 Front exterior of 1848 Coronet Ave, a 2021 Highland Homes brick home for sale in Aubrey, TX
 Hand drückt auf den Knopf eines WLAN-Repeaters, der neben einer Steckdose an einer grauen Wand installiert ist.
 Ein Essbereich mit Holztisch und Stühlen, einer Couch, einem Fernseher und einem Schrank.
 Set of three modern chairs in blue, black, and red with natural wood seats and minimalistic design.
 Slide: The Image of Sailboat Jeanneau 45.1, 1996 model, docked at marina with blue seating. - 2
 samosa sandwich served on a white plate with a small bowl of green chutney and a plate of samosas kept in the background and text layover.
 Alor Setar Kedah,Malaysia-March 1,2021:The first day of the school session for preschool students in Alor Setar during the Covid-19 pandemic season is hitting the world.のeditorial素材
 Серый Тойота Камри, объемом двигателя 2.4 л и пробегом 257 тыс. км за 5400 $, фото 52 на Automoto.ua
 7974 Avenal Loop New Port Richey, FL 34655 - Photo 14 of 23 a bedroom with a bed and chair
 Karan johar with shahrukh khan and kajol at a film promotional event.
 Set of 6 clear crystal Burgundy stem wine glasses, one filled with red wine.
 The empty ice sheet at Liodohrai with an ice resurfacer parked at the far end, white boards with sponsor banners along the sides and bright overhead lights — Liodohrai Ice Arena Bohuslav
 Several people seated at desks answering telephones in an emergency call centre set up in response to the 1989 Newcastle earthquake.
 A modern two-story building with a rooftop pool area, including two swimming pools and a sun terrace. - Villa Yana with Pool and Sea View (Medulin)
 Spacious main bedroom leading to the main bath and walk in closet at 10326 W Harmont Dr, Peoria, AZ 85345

_WORK ORDER:_ Hand back the listing exactly. Include every line.

_WRITTEN SOLUTION:_
 Front exterior of 1848 Coronet Ave, a 2021 Highland Homes brick home for sale in Aubrey, TX
 Hand drückt auf den Knopf eines WLAN-Repeaters, der neben einer Steckdose an einer grauen Wand installiert ist.
 Ein Essbereich mit Holztisch und Stühlen, einer Couch, einem Fernseher und einem Schrank.
 Set of three modern chairs in blue, black, and red with natural wood seats and minimalistic design.
 Slide: The Image of Sailboat Jeanneau 45.1, 1996 model, docked at marina with blue seating. - 2
 samosa sandwich served on a white plate with a small bowl of green chutney and a plate of samosas kept in the background and text layover.
 Alor Setar Kedah,Malaysia-March 1,2021:The first day of the school session for preschool students in Alor Setar during the Covid-19 pandemic season is hitting the world.のeditorial素材
 Серый Тойота Камри, объемом двигателя 2.4 л и пробегом 257 тыс. км за 5400 $, фото 52 на Automoto.ua
 7974 Avenal Loop New Port Richey, FL 34655 - Photo 14 of 23 a bedroom with a bed and chair
 Karan johar with shahrukh khan and kajol at a film promotional event.
 Set of 6 clear crystal Burgundy stem wine glasses, one filled with red wine.
 The empty ice sheet at Liodohrai with an ice resurfacer parked at the far end, white boards with sponsor banners along the sides and bright overhead lights — Liodohrai Ice Arena Bohuslav
 Several people seated at desks answering telephones in an emergency call centre set up in response to the 1989 Newcastle earthquake.
 A modern two-story building with a rooftop pool area, including two swimming pools and a sun terrace. - Villa Yana with Pool and Sea View (Medulin)
 Spacious main bedroom leading to the main bath and walk in closet at 10326 W Harmont Dr, Peoria, AZ 85345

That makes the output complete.